更新が滞っている14回分をすっ飛ばしてマタニティオレンジ135回目は、8月22日生まれの娘のたまの10/12才会。今月のゲストは、ダンナが東京国際マラソンを一緒に走った、わたしたち夫婦より少し若い三十代前半のU君、O君、M君の三人組。事前にわたしの日記を読んで研究してくれたらしく、お楽しみのケーキも前日から気合を入れて予約。すべり出しは絶好調だったのだけど、当日になってブレーキ。店にケーキを取りに行ったM君から「ちょっとトラブルがありまして、いま、後楽園から池袋に向かっているので遅れます」と連絡があった。電話を受けたダンナと「なぜ、ケーキのトラブルで後楽園から池袋へ?」と首をかしげているところにU君とO君が到着し、「M君、ケーキを電車の中に忘れちゃったらしいです」。網棚の上に置いたまま後楽園で電車を降りて気づき、血相を変えて池袋の忘れ物センターへ取りに向かったのだった。「M君ならありうる」「いつものことながら、おいしい」とわたし以外の三人がうなずきあうのを見て、会う前から「うっかりM君」のキャラクター設定は出来上がった。

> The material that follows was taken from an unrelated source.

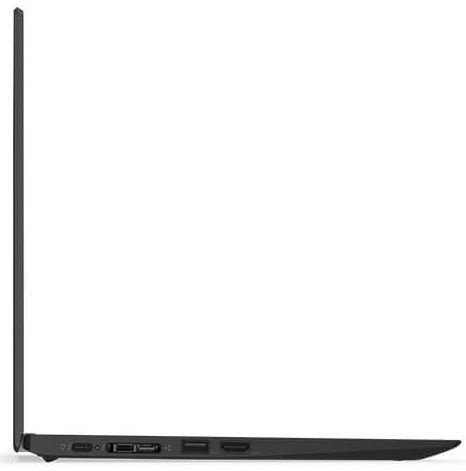 Nešiojamas kompiuteris Lenovo ThinkPad X1 Carbon 6th Gen Black 20KH006LPB, Intel® Core™ i7-8550U, 16 GB, 512 GB, 14 ", Intel® UHD Graphics 620, juoda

2才の女の子がいるU君ばかりか独身のO君とM君も子ども好きなのには驚いた。親バカのダンナを筆頭に男四人で「いないいないばあ」の大合唱。パパが4倍に増えたようなにぎやかさに、緊張気味だったたまも自分からすりすりするまでに。たまはこの一か月でつかまり立ちの安定感がさらに増し、片手で軽く支えるだけで直立できるようになった。ときどきその片手も離してバランスを崩し、本人も親をヒヤリとなる。歯は上2本下4本。わたしを見て、はっきりと「ママ」と呼ぶ。保育士さんを「センセ」と呼ぶこともあるとか、離乳食がなくなると「ナイ!」と訴えるとか、保育園の日誌で報告は受けるけれど、まだライブで確認はしていない。
マラソンの打ち上げを兼ねての誕生会ということで、「たまちゃんかわいい」「たまちゃん面白い」に大会の武勇伝がサンドイッチされる。ここでもM君は「仲間うちでただ一人、時間切れで関門に引っかかり完走できなかった」というおいしい位置づけ。関門でテレビ局のインタビューを受け、「コンビニで買い物してたら遅くなっちゃいました」とコメントしたのが放送で使われたとか。ポケットに忍ばせた2000円で飢えを凌いだのだった。お金を持ち合わせていなかった他の三人は、ありあまるほど用意されると聞いていた差し入れが、自分たちが通過する前に食い荒らされて何も残っていなかったことを嘆きあう。「でも、アミノバイタルのドリンクはありましたよね」「あったあった」という話になると、「僕のときは、紙コップだけ散らばってました」とM君。つくづくおいしい。「バナナは皮ごと渡してほしかったのに、皮をむく間待つのがまどろっこしかった」「でも、走りながら皮をむくとゴミになるからダメなのでは」「いや滑るからでは」などという妙に細かい話も拾えて面白かった。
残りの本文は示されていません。